Graphene in ink-jet printing technology

Researchers have found another most important application of Graphene i.e. its use in printing technology. Graphene, a single layer of carbon atoms, is referred to as “Wonder material” because of its long file of uses.

This research has been done by Andrea Ferrari and colleagues at the University of Cambridge in the UK and is available online in the archive for electronic preprints of scientific papers i.e. arXiv.org.

This group of researchers hopes that printable electronics could be produced on smaller scale by replacing metal nanoparticles with graphene.
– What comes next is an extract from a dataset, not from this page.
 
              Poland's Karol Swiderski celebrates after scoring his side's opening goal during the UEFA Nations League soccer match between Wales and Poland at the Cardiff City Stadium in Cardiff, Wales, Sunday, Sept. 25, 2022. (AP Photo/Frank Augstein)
a) Deposition of Graphene ink, b)source and drain c)Fianlly deposition of organic semiconductor
a) Deposition of Graphene ink, b)source and drain c)Fianlly deposition of organic semiconductor

Researchers have developed graphene based transistors for printing technology. They improved the efficiency and performance of organic semiconductor material and created an ink capable of depositing graphene on a flexible substrate of silicon. However, the difficulty is its combination in ink that willingly forms small droplets, which is essential for inkjet printing.

From MIT,

This is essentially the breakthrough that Ferrari and co have achieved. They’ve found a way to readily produced graphene by chemically chipping flakes off a block of graphite and filtering them to remove any that might clog the printer heads.

They then add the flakes to a solvent called N-Methylpyrrolidone, or NMP, which minimises problems such as the coffee ring effect that can occur when some solvents evaporate.

Finally they’ve put this stuff in their printers and printed out a few circuits and thin film transisters.

The results are promising. The graphene-based inks match or beat the performance of most other inks available today. That’s pretty good for a first attempt since improvements will certainly follow.

Professor Andrea Ferrari, Head of the Nanomaterials and Spectroscopy Group, said,

Our mission is to take graphene and related layered materials from a state of raw potential to a point where they can revolutionise multiple industries – from flexible, wearable and transparent electronics to high performance computing and spintronics.

Reference:

F. Torrisi, T. Hasan, W. Wu, Z. Sun, A. Lombardo, T. Kulmala, G. W. Hshieh, S. J. Jung, F. Bonaccorso, P. J. Paul, D. P. Chu, A. C. Ferrari, (2011). Ink-Jet Printed Graphene Electronics.